GENRE | COCA (millions of words) | BNC (millions of words) |
Spoken | 118 | 10 |
Fiction | 113 | 17 |
Popular magazines | 118 | 16 |
Newspaper | 114 | 11 |
Academic | 112 | 16 |
Other | 30 |
The BNC has a much wider range of spoken sub-genres, while COCA is
composed of unscripted conversation on TV and radio shows
(See notes on the naturalness of these conversations:
COCA /
Help-Information / Texts / Spoken).
Both corpora are very well balanced in terms of sub-genres for the
written genres (e.g. Newspaper-Sports, or Academic-Medicine). In
addition, because there is a diachronic aspect to COCA
(coverage over time), in COCA the distribution of 20% in each of the
five genres stays constant from year to year.
Summary
COCA and the BNC complement each other nicely, and they are are only large, well-balanced corpora of English that are publicly-available.
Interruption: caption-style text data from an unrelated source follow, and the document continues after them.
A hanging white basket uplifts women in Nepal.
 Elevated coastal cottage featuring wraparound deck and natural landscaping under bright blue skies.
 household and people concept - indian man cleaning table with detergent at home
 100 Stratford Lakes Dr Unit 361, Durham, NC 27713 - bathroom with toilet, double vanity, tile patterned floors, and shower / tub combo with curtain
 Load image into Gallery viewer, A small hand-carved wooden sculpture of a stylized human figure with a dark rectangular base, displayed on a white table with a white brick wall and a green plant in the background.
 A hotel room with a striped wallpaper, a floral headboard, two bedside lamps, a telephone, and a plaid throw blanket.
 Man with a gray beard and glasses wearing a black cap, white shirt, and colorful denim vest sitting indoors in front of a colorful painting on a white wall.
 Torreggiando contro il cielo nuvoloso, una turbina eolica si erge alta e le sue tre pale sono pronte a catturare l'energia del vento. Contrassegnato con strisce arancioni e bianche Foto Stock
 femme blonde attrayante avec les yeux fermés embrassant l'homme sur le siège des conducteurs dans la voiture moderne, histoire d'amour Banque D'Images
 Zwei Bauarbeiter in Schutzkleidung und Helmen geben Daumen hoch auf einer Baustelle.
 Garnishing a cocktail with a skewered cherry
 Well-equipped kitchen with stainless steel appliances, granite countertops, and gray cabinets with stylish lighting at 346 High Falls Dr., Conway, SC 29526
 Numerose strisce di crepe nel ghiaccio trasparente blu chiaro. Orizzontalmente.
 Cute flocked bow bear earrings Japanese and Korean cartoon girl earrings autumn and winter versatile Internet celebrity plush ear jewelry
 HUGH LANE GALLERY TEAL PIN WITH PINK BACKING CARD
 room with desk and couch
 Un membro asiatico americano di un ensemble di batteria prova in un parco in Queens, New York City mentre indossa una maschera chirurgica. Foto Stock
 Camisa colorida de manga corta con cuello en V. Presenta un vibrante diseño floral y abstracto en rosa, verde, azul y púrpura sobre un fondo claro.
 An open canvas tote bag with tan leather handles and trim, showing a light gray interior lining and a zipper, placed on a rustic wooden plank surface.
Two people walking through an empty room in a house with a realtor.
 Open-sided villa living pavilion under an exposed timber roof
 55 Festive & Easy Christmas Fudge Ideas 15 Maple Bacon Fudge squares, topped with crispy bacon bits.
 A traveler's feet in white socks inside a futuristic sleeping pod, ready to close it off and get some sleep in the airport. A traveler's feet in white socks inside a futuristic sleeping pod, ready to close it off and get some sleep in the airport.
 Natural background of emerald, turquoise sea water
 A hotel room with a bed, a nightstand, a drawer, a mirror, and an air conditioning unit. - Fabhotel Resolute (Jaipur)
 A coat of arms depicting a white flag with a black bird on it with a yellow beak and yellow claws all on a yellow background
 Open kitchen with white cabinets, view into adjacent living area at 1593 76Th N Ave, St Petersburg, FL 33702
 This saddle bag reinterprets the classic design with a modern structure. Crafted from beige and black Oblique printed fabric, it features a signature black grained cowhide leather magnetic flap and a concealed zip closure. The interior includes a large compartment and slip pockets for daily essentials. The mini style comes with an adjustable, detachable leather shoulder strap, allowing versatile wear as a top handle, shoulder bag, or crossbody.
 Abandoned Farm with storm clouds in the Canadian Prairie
The BNC has better coverage of informal, everyday conversation, while COCA is much larger and more recent, which has important implications for the quantity and quality of the data overall.
Unless one is inherently interested in only British or American English, there is really no reason to not take advantage of both corpora. This is especially true when -- as with the interface at www.english-corpora.org -- both corpora can be used side-by-side, with the same interface. For most types of studies, academic publications and presentations that rely on just the BNC for data from Modern English will look increasingly outdated and insular as time goes on.